It is terrible to watch people cling to their captivity
and insist on their own destruction.

- James Baldwin, No Name in the Street

Our real spirituality comes from our rebellion and our seeking.

- John Henrik Clarke

An arrow strikes a man in his chest.  He falls backward off his horse.  Then another arrow strikes another man. The men falling from their horses one by one are “men” and good men because we’ve seen their wives and little blond-haired children.  These men had to save their families and these little children, girls, too, who looked like my little dolls, from these Indians.

Smoke fills the air, and this high pitched yell comes from the Indians, galloping toward the men. The Indians.  Barely clothe, the Indians hold arrows. Their faces are painted various colors. Their hair is strange, long or cut in strange ways. 

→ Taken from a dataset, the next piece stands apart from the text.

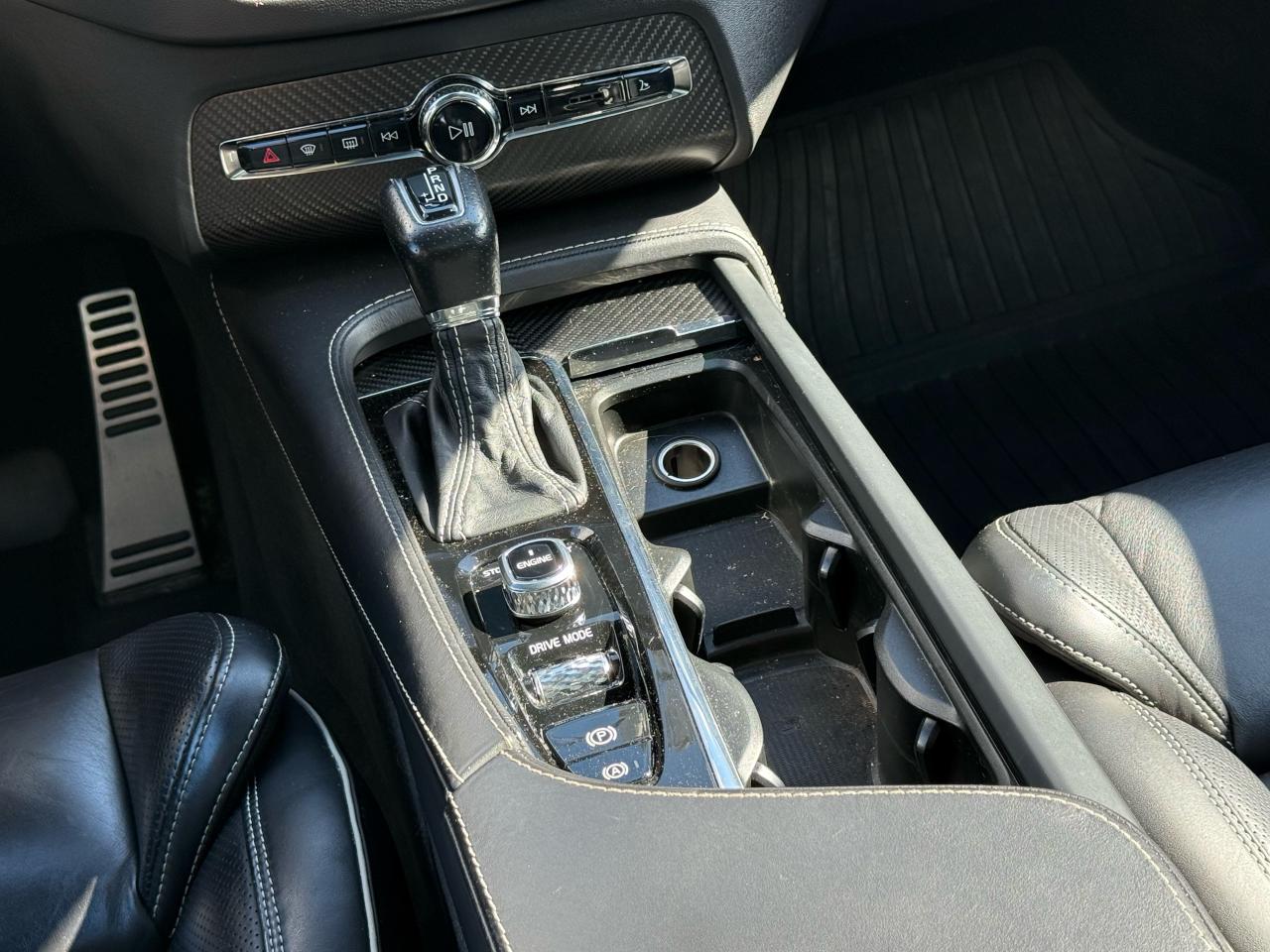 2017 Volvo XC90 T6 R-Design 7PASS|NAVI|BACKUP - Photo #10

Sometimes I couldn’t watch, and I would have to put my head down between my arms, still hearing that high-pitched yell.  I was supposed to be sleeping. But the television was on in the den just outside the bedroom where I lived with my grandparents. I could see the television if I lay at the foot of the bed. Sometimes, I would become so terrified of the Indians that I imagined them outside the building, just down Indiana Avenue. Only later did I understand that these images were created, fiction, and later still understand that these created images of violence were meant to teach fear.  But then, I was certain there were Indians in Chicago, hiding in wait.  The adults around me didn’t look like Indians. The neighbors didn’t look like Indians.  Nonetheless, Indians were out there! For now, they were harassing the good people, the white people, who, like the nuns and priests, were only trying to civilize them, as they were civilizing us.

The nuns and priest talked about civilizing barbarians. 

Barbarians, they pointed out, were in a far away place called Africa. In Africa, barbarians clung to trees and hid in the jungles. Barbarians were darker than Indians—my color, the color of other children in my school, the color of my family members and neighbors.  But the nuns assured us that these African barbarians with spears were not us. Look around.  We had a Church, classrooms, books, and teachers! The barbarians were the unfortunate. Catholic missionaries were in Africa, risking their lives, to try to teach the barbarians. 

Once a week, our school stopped classes, the nuns stood at our classroom doors, and we filed out in a single line downstairs to the cafeteria.  In the dark and silence at our lunch tables, the flickering images of Catholic crusades flowed over us and filled our minds.   

Catholics had a history of saving the world from barbarians in Africa and heathens, dressed in rags and relegated to the desert. These heathens couldn’t speak English.  People in our neighborhood and children attending Betsy Ross public school could speak English, but, nonetheless, the nuns told us, these children were heathens as was Martin Luther King Jr., a good man, but a Baptist! Catholics had God’s representative on Earth. The Pope, children, is God’s representative.

I understood that you would rather want to make a trip to France to see the Eiffel Tower rather than spend one minute in Bolivia or anywhere in Africa were the “people” were not so civilized.  France was civilized. England was civilized, of course, the United States was civilized.  Above all Rome, if Rome had not existed, we would not now have the benefits of our civilization! 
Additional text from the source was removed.